▶ RECORDS SHOWN
* * *
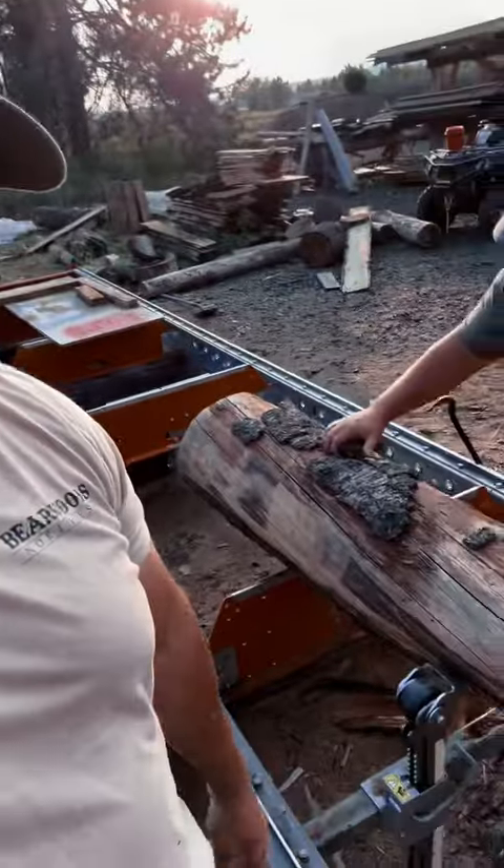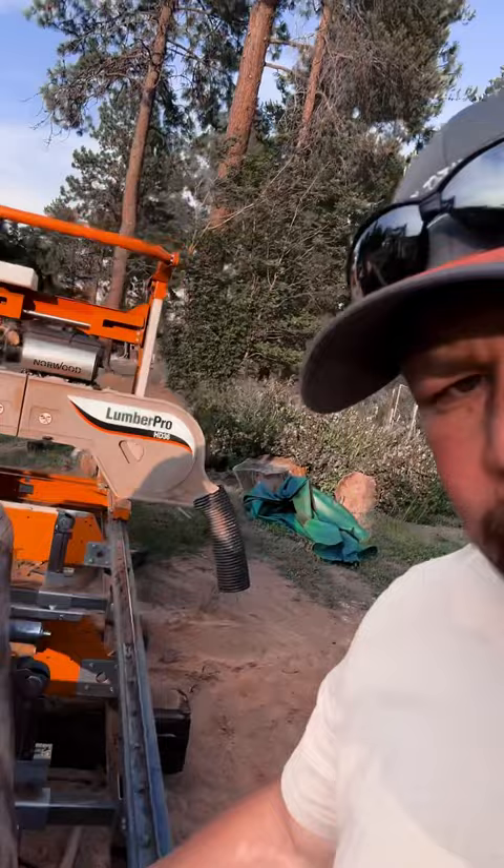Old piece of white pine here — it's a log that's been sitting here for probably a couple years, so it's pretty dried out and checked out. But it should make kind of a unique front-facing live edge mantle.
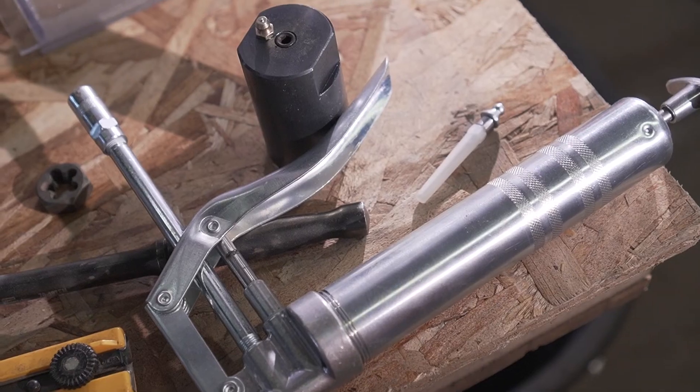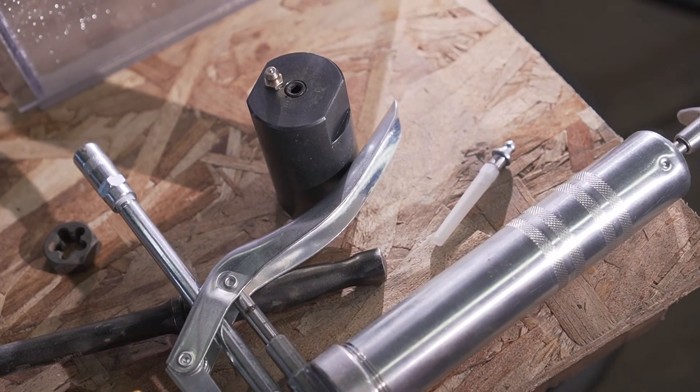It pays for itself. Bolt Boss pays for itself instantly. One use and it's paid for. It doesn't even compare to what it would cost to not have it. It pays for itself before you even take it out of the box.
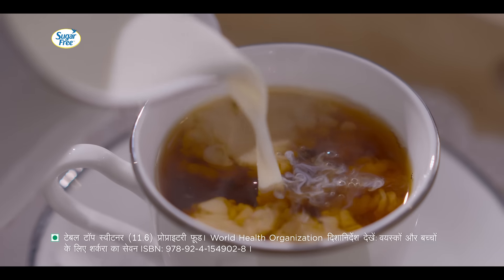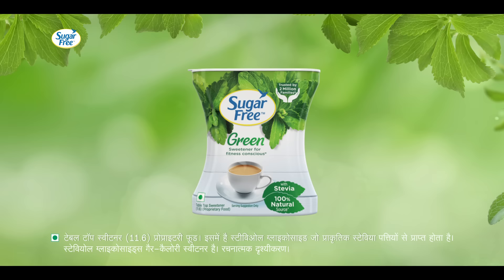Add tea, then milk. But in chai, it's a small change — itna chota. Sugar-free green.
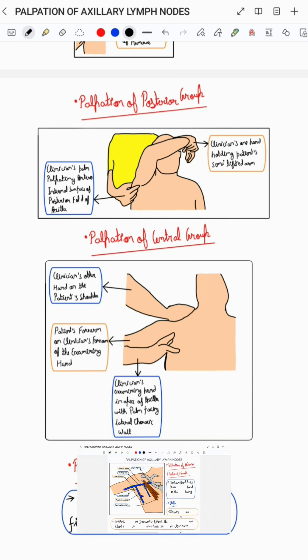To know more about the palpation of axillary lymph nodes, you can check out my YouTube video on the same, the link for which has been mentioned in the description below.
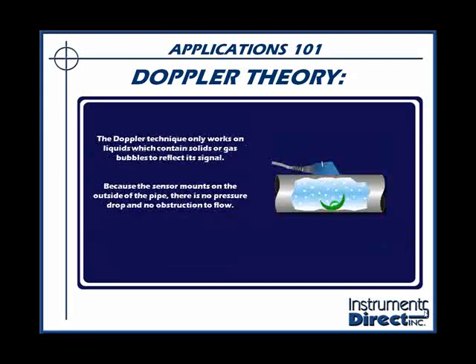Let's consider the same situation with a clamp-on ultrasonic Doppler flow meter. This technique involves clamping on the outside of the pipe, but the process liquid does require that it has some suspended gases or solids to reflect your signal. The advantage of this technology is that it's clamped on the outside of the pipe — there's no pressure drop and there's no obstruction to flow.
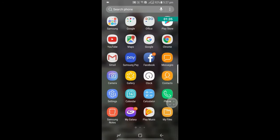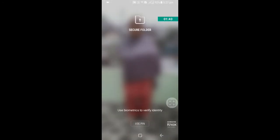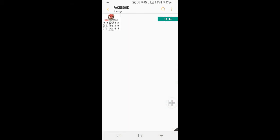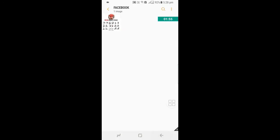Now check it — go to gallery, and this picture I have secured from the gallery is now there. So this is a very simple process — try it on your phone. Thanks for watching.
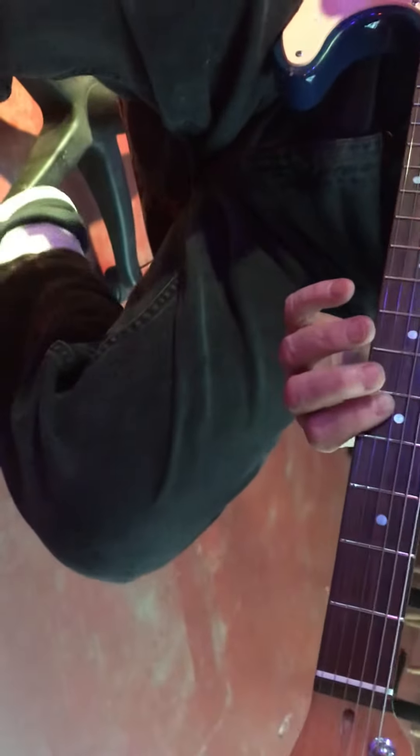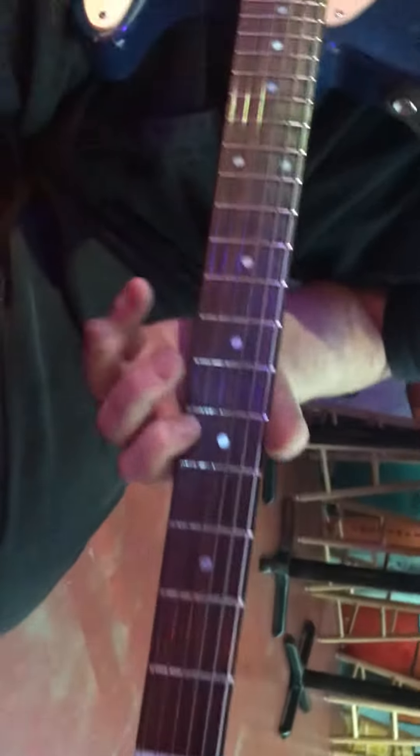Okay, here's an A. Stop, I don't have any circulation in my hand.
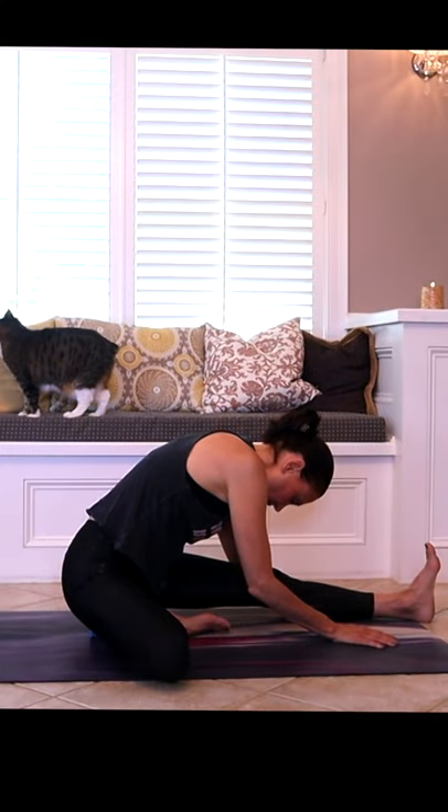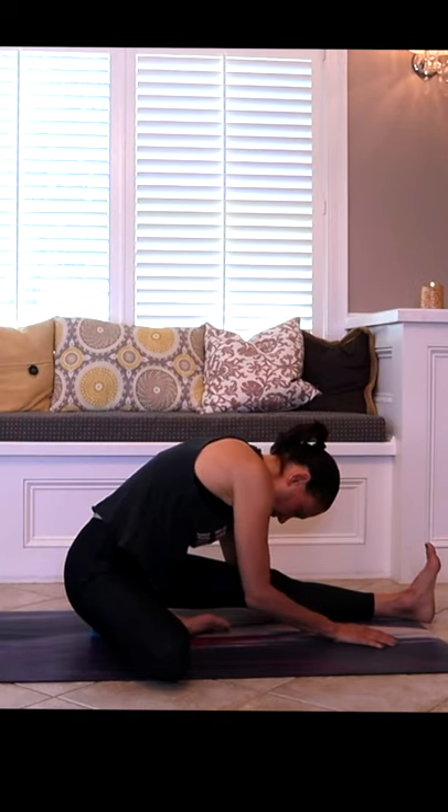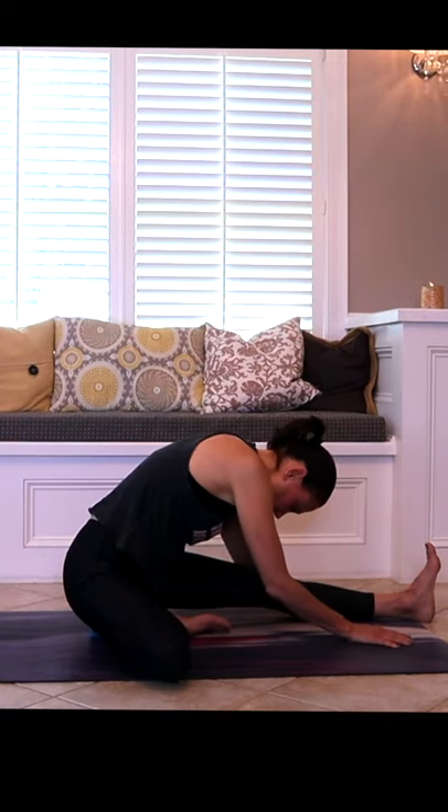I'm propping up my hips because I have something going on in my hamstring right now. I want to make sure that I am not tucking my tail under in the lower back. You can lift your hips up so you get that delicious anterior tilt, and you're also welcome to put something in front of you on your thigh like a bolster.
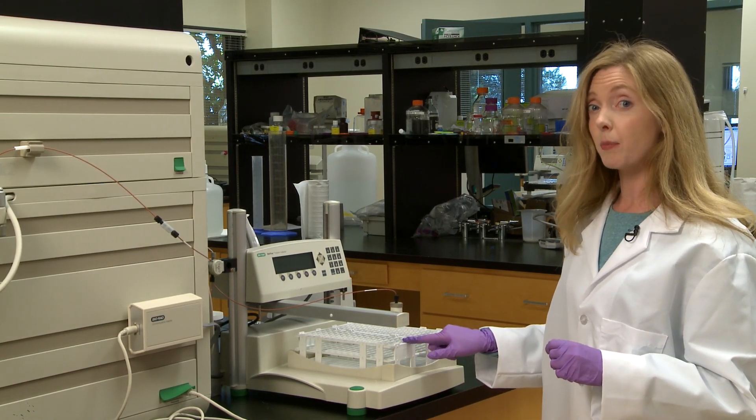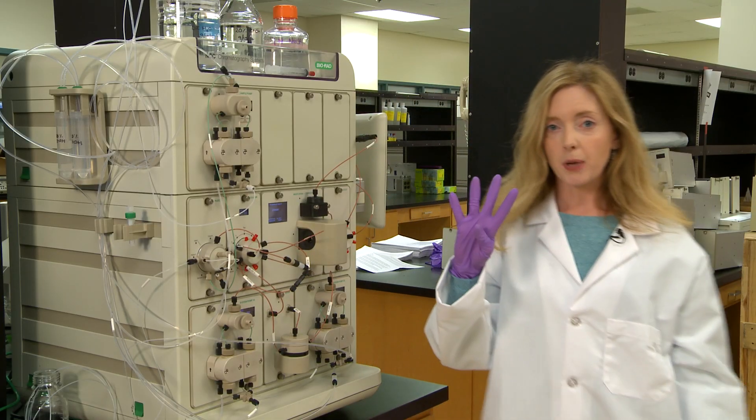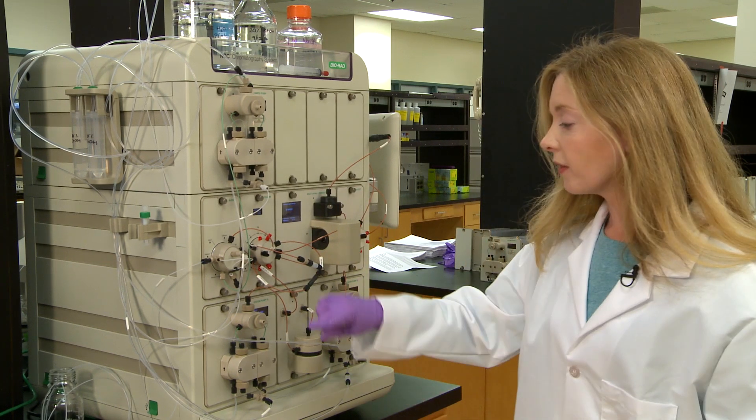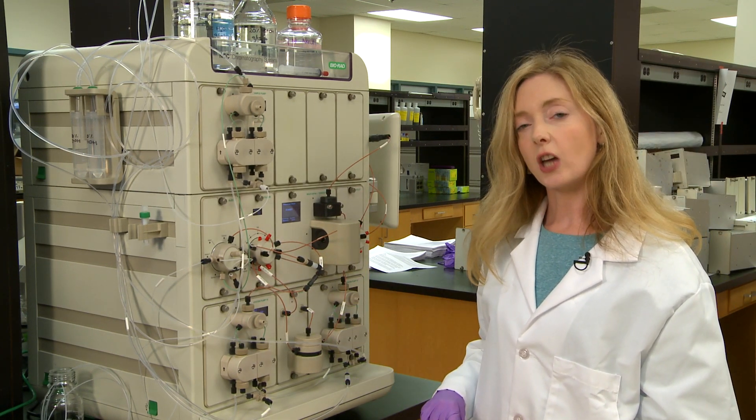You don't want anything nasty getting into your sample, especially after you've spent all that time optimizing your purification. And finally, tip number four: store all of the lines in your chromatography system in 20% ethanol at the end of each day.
* * *
▶ ASSIGNED TASK
Please retype exactly the lines from the line containing "It pays for itself." through the final line of the records above, inclusive, leaving out any pictures.

▶ ANSWER SPACE
It pays for itself. Bolt Boss pays for itself instantly. One use and it's paid for. It doesn't even compare to what it would cost to not have it. It pays for itself before you even take it out of the box.
Add tea, then milk. But in chai, it's a small change — itna chota. Sugar-free green.
To know more about the palpation of axillary lymph nodes, you can check out my YouTube video on the same, the link for which has been mentioned in the description below.
Let's consider the same situation with a clamp-on ultrasonic Doppler flow meter. This technique involves clamping on the outside of the pipe, but the process liquid does require that it has some suspended gases or solids to reflect your signal. The advantage of this technology is that it's clamped on the outside of the pipe — there's no pressure drop and there's no obstruction to flow.
Now check it — go to gallery, and this picture I have secured from the gallery is now there. So this is a very simple process — try it on your phone. Thanks for watching.
Okay, here's an A. Stop, I don't have any circulation in my hand.
I'm propping up my hips because I have something going on in my hamstring right now. I want to make sure that I am not tucking my tail under in the lower back. You can lift your hips up so you get that delicious anterior tilt, and you're also welcome to put something in front of you on your thigh like a bolster.
You don't want anything nasty getting into your sample, especially after you've spent all that time optimizing your purification. And finally, tip number four: store all of the lines in your chromatography system in 20% ethanol at the end of each day.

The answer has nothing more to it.